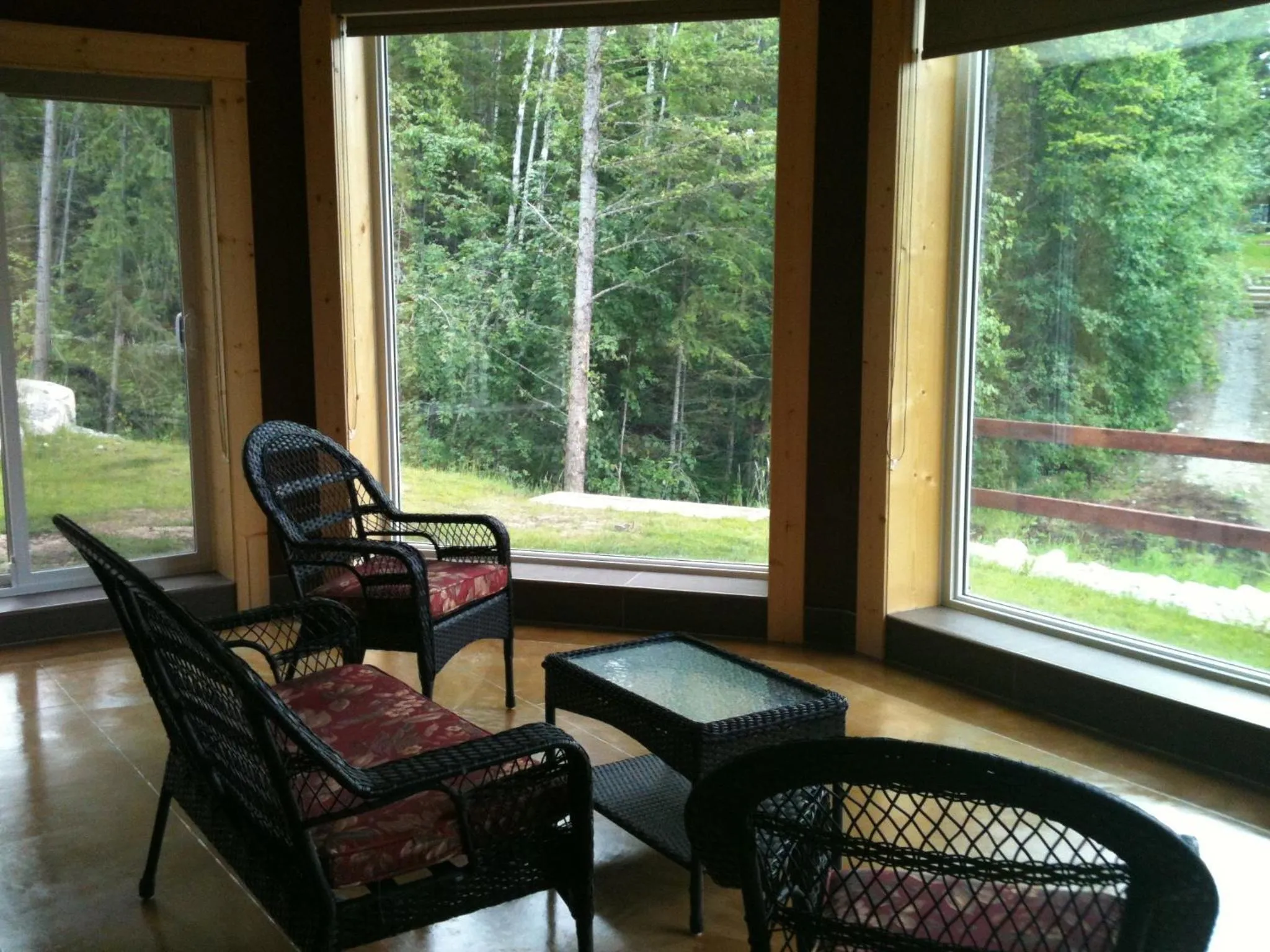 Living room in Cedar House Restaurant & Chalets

--

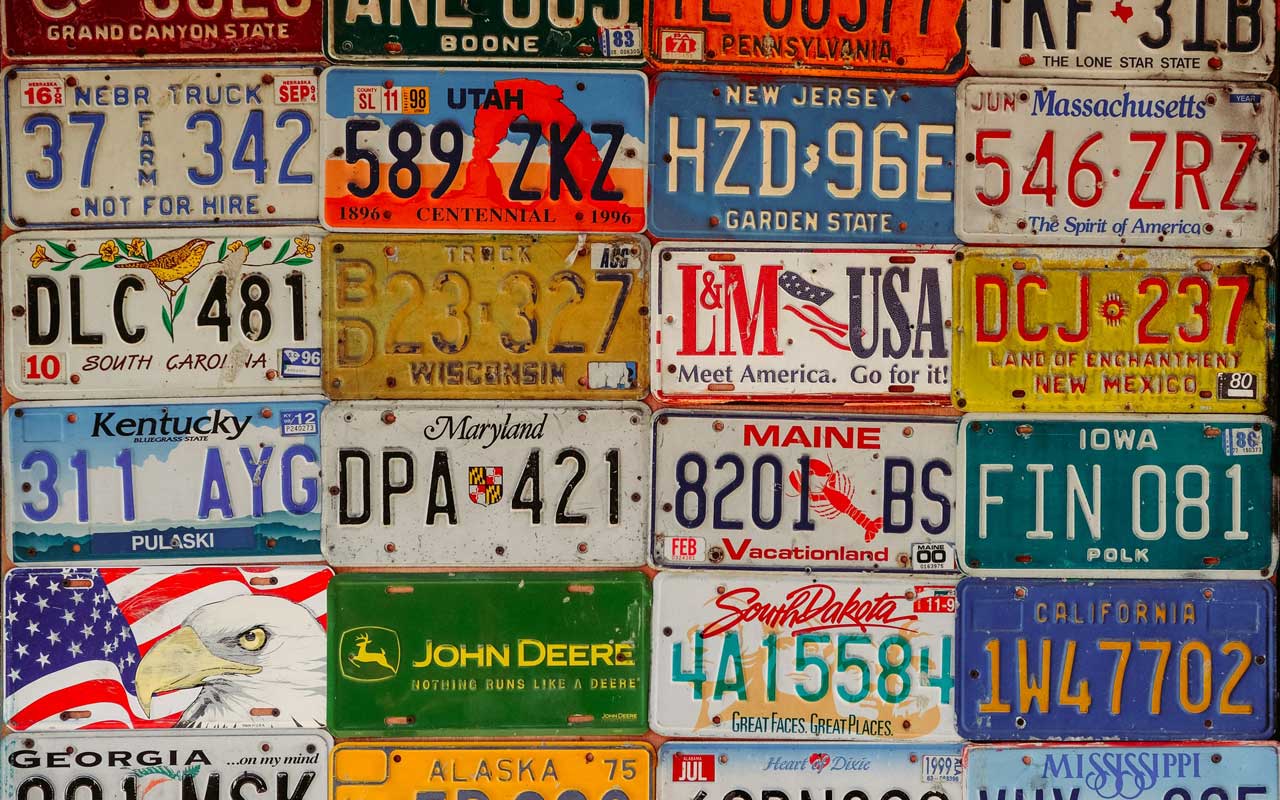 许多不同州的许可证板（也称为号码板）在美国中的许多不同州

--

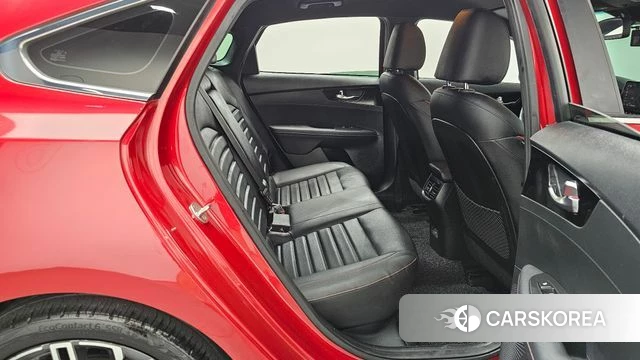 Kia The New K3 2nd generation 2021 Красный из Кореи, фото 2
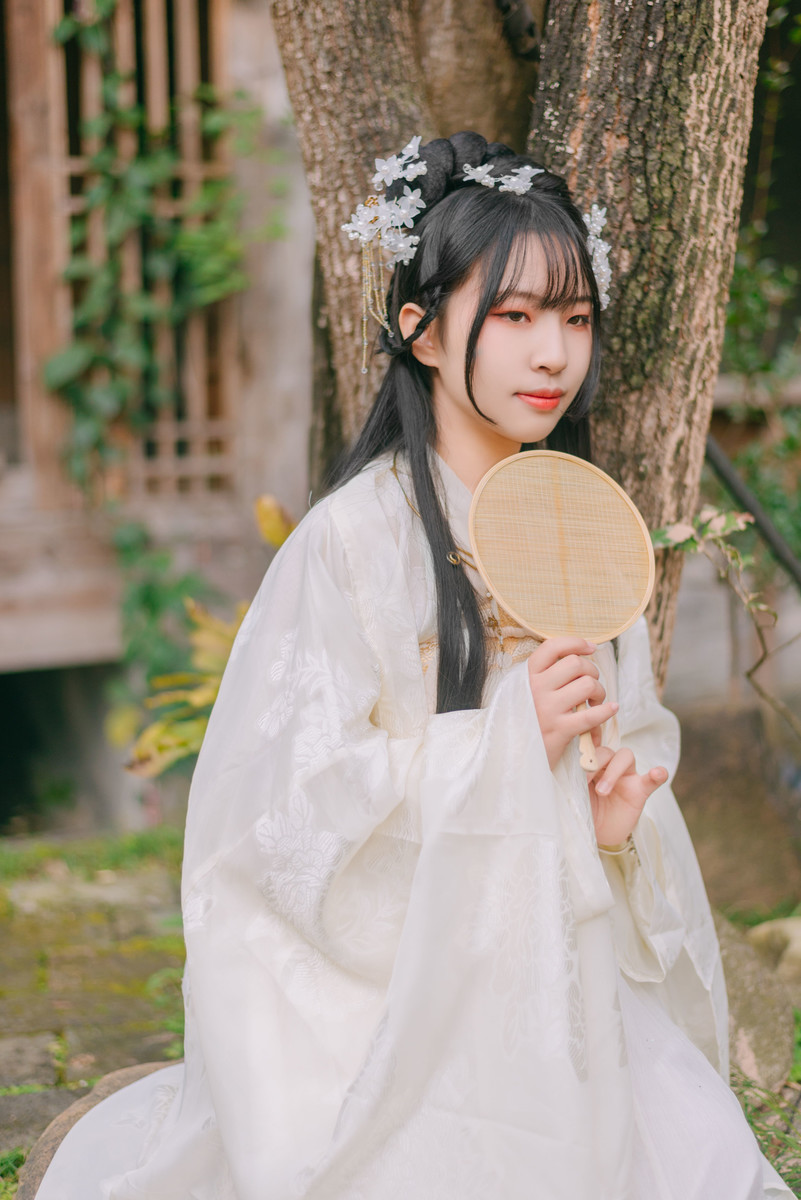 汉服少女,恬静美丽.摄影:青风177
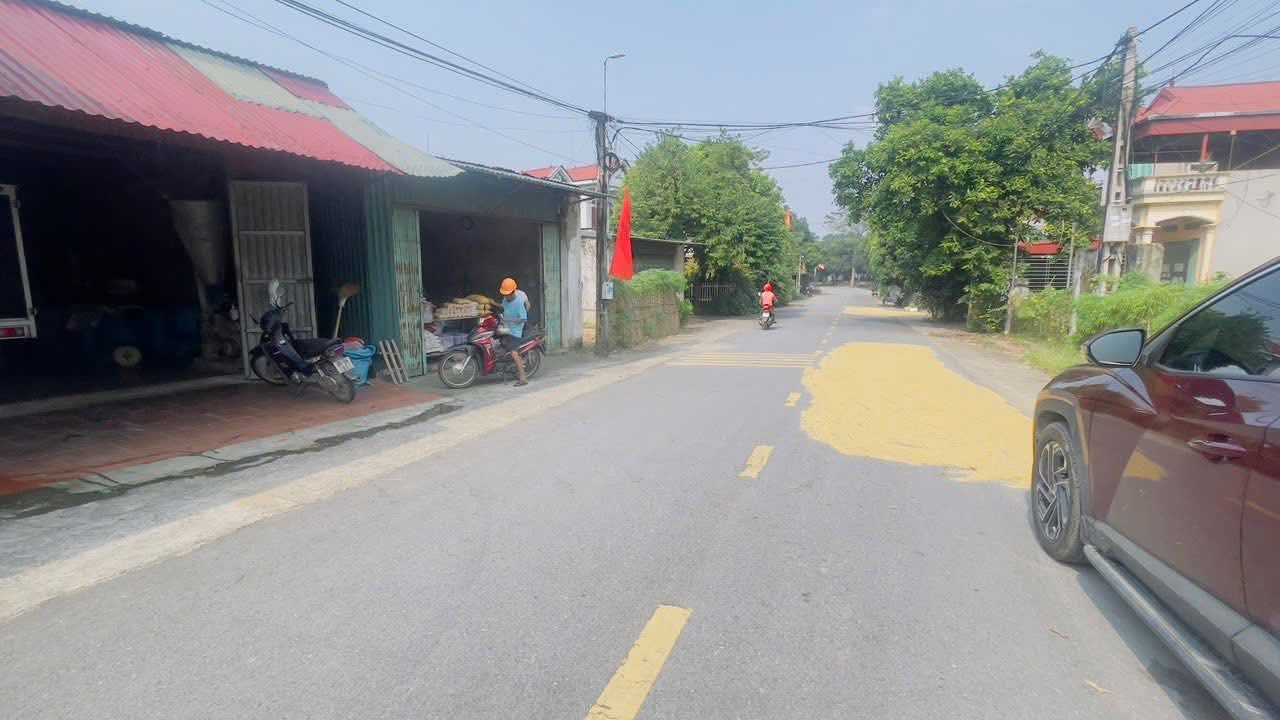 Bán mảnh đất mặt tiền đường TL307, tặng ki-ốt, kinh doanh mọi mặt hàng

WORK INSTRUCTIONS –
Please set down, exactly and with no pictures, the lines in the entries above starting at the one holding "汉服少女,恬静美丽.摄影:青风177" and ending at the one holding "Bán mảnh đất", ends included.

EXERCISE RESULT –
 汉服少女,恬静美丽.摄影:青风177
 Bán mảnh đất mặt tiền đường TL307, tặng ki-ốt, kinh doanh mọi mặt hàng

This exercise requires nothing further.